Always There For You
Because control of the Trust is centralized, the Trustee can carry out your wishes when you're not able to. For instance, if you have children from a previous marriage and wish to leave them an inheritance, specific instructions to the Trustee will ensure that they receive what you’ve requested.
If you're institutionalized or unable to care for yourself anymore, the Trust can still function and make distributions as needed. The Trustee has a fiduciary responsibility to see that your requests are fulfilled exactly. He or she can even provide care and protection for disabled relatives or handicapped children in accordance with your wishes.
Reducing Estate Taxes
The Living Trust also minimizes estate taxes by fully utilizing every individual's Unified Credit. The Unified Credit, as mandated by Congress, shelters up to $1 million from estate taxes. With only a will in place, a married couple will receive a single $1 million exemption. However, if a Living Trust with "A-B Provisions" is in place and one spouse dies, the Living Trust separates into two separate trusts (commonly referred to as an A-B Trust), thus sheltering more of the Trust from estate taxes.
Easy Does It
Living Trusts are easy to start up and require little ongoing maintenance. They afford an extra measure of protection against loss of control, and ensure that your assets remain out of the public record even after your death. However, they do not provide protection against creditors or divorce, and do not reduce estate taxes for estates over $1 million in value ($2 million if married).
Power of Attorney
A power of attorney is used for situations where an individual cannot be present, but that individual has entrusted someone to do the job in their place. When someone holds "a power of attorney," they are able to enter into contracts, negotiate and settle matters as if they were that other person.
An ordinary power of attorney expires when a grantor becomes incompetent or passes away. The theory is that if the principal couldn't do it on their own, then the agent shouldn't be able to do it either. This makes sense in many financial and commercial situations, but makes little sense when dealing with elderly issues.
Durable Power of Attorney
A Durable Power of Attorney can act on a person's behalf even while that person is still alive. People suffering from dementia or senility, who are no longer competent to make their own decisions, need to continue to make financial and medical transactions long after they have the capacity to do so. A Durable Power of Attorney allows them to do that.

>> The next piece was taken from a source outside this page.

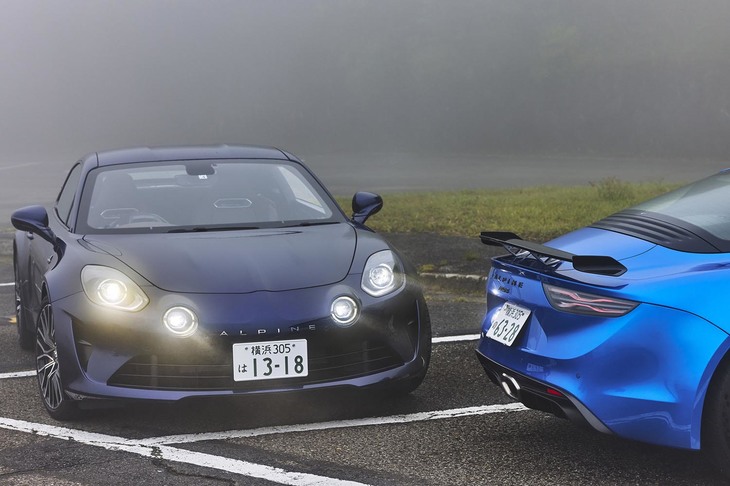 フランスらしい小排気量のライトウェイトスポーツ、そのアイコンといえばアルピーヌです。新旧の「A110」に試乗しました。（photo：田村孝介）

Individuals granted Power of Attorney must, by law, act in good faith at all times on behalf of the grantor. The law maintains that agents have a fiduciary duty to the grantor, and cannot take advantage of their position.
Medical Power of Attorney
A Medical Power of Attorney (also known as a Durable Power of Attorney for Health Care) is critical because it allows a trusted agent to make healthcare decisions on your behalf.
- The Medical Power of Attorney helps your doctors determine when life-supporting measures should be stopped. If your wish is to not use life-sustaining measures, you can convey this to the person you've named, and they will be able to fulfill your wishes on your behalf. A Medical Power of Attorney only has this responsibility to you for healthcare decisions and cannot make financial or other decisions on your behalf (unless you've granted both Powers of Attorney to the same person).